Tibetan Protest Marchers Vow to Reach Homeland

March 13, 2008

New York Times
March 12, 2008

NEW DELHI — About a hundred Tibetan exiles on a six-month protest
march to their homeland defied the Indian government's orders to halt
Tuesday, and could be headed for a conflict with the local police.

The protesters, mostly monks and nuns, began their march on Monday,
the anniversary of a failed uprising against Chinese rule in Tibet in
1959, and planned to walk 13 miles, or 21 kilometers, on Tuesday
despite a restraining order the Indian government issued Monday
evening, organizers of the march said.

The order, served by Indian police officers after marchers had
finished walking Monday, states that they are not to leave Kangra
District, which includes Dharamsala, seat of the Tibetan government in
exile in the northern Indian state of Himachal Pradesh, until further
notice. The marchers expect to reach the district's border within the
next two days.

"We are determined to continue our march," said Tsewang Rigzin, the
president of the Tibetan Youth Congress, in a telephone interview from
the march. Mr. Rigzin, 37, moved from Vancouver, Wash., to Dharamsala
five months ago to lead the congress, an activist group.

"Our issue is with the Chinese government, not the Indian government,"
he said. "We trust the Indian government will not intervene."

The march is one of several international protests related to Chinese
rule in Tibet that are under way before the Summer Olympics in Beijing
this August. Tibetan immigrants worldwide held protests on Monday, the
anniversary of the uprising, which led to the exile of the Dalai Lama,
the Tibetan Buddhist leader. Organizers of the march said they were
being joined for the first few days by a representative from Italy's
Parliament.

Chinese officials in Beijing said that about 60 monks in Tibet who
took part in the protests on Monday were arrested.

India is home to an estimated 130,000 refugees from Tibet, who are
promised protection from repatriation and issued papers to work. Their
Indian-born children receive Indian citizenship.

But the Indian government does not support outspoken activists
critical of China, and in some cases has limited their movements.

Several telephone calls to Indian government ministries for comment on
Monday's restraining order went not returned, or were referred to
other ministries that did not respond to calls or e-mail messages. One
government official, who spoke on the condition of anonymity because
he was not authorized to speak to reporters, said that India's
agreement with the Dalai Lama prohibits Tibetan exiles from taking
part in political protests. Additionally, he said, no one is allowed
to cross international borders without proper clearance.

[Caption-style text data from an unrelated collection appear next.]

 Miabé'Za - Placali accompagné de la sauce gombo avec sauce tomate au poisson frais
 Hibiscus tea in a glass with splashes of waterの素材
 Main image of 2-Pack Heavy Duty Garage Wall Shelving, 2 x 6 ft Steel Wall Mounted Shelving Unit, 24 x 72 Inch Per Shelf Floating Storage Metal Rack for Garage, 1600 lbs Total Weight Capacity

And, he added, "India has other obligations as a country," including
its commitment to take part in the Beijing Olympics, which prevent it
from supporting the march.

The marchers, who say they do not have the backing of the Dalai Lama,
plan to walk from Dharamsala to Lhasa, the Tibetan capital, over an
unnamed route.

The march is a way to alert the rest of the world to "what China is
trying to cover up under the pomp and show of the Olympics of 2008,"
said Tenzin Tsundue, a writer and an advocate of Tibetan independence
who has joined the walk. "We do not depend on the corrupt Chinese
government. We will decide our own destiny, our own future."

Before beginning their journey, the marchers took part in a three-day
seminar that included lectures on Gandhi's principles of nonviolent
protest, Mr. Rigzin said. "We're not shouting anything," he said,
"we're not disturbing anyone's peace."